▸ EXERCISE OBJECTIVE: The material below holds pictures; leave them out and reproduce exactly the lines from the one with "Clear Protein Water: Raspberries" through the one with "Bild: Zoe Whey", inclusive.

________________________

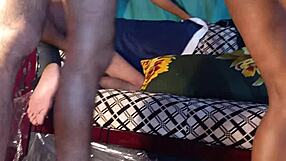 Homemade bengali threesome with hanif mst sumona and manik mia goes viral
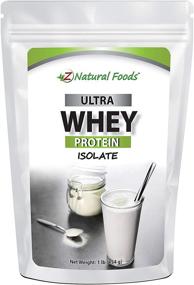 img 4 attached to Whey Protein Isolate - Unflavored - Natural Protein Powder USA Made - Blend with Smoothies, Shakes, Drinks, or Recipes - Hormone-Free, Unsweetened, Non-GMO, Kosher, Gluten-Free - 1 lb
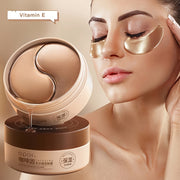Unisex All Skin Caffeine Peptide Eye Masks Hyaluronic Acid Collagen Brightening Moisturizing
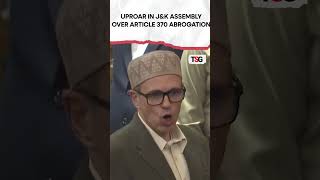 watch  JampK Assembly Amid Uproar Verbal Spat Erupts Over Article 370 viral shorts [upl. by Ryon342]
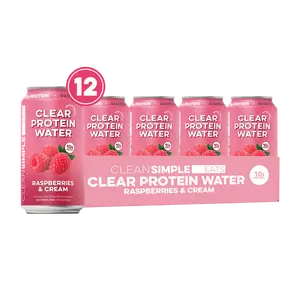 Clear Protein Water: Raspberries & Cream (12 Oz. | 12 Pack)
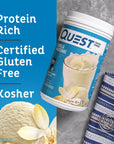 Quest Nutrition Vanilla Milkshake Protein Powder, 24g of Protein, 1g of Sugar, Low Carb, Gluten Free, 1.6 Pound, 23 servings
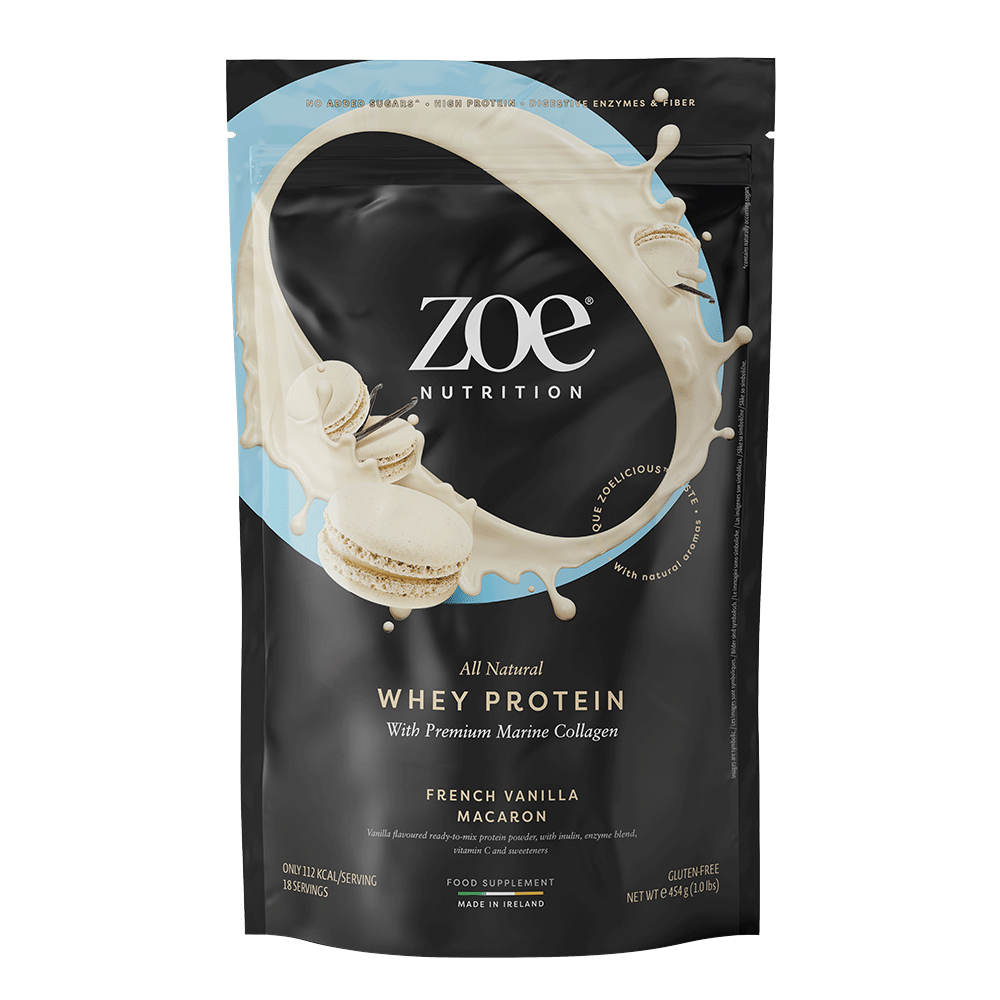 Bild: Zoe Whey Protein French Vanilla Macaron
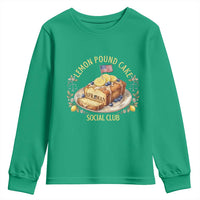 Lemon Pound Cake Social Club Youth Sweatshirt Funny Viral Meme Dessert Parody Rap Fans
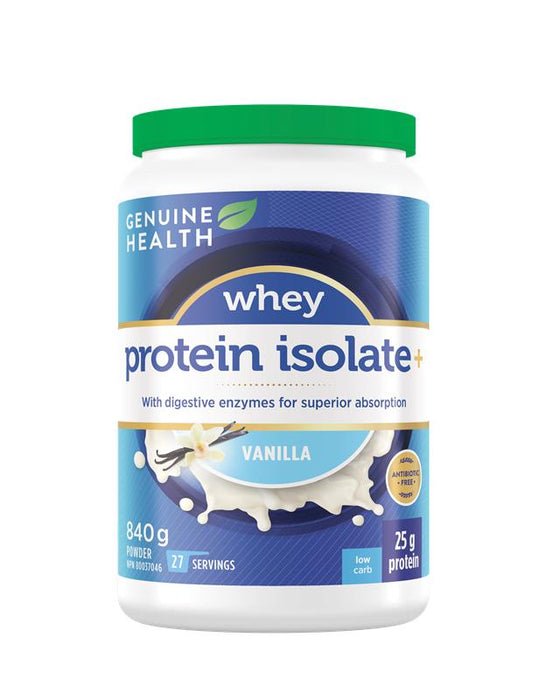 Genuine Health - Whey Protein Isolate Vanilla, 840 g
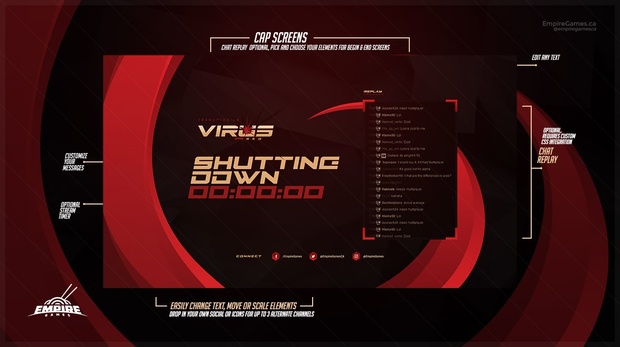 Stream Overlay | Virus V1 (PSD incl/ Channel Graphics)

________________________

▸ TASK RESPONSE:
 Clear Protein Water: Raspberries & Cream (12 Oz. | 12 Pack)
 Quest Nutrition Vanilla Milkshake Protein Powder, 24g of Protein, 1g of Sugar, Low Carb, Gluten Free, 1.6 Pound, 23 servings
 Bild: Zoe Whey Protein French Vanilla Macaron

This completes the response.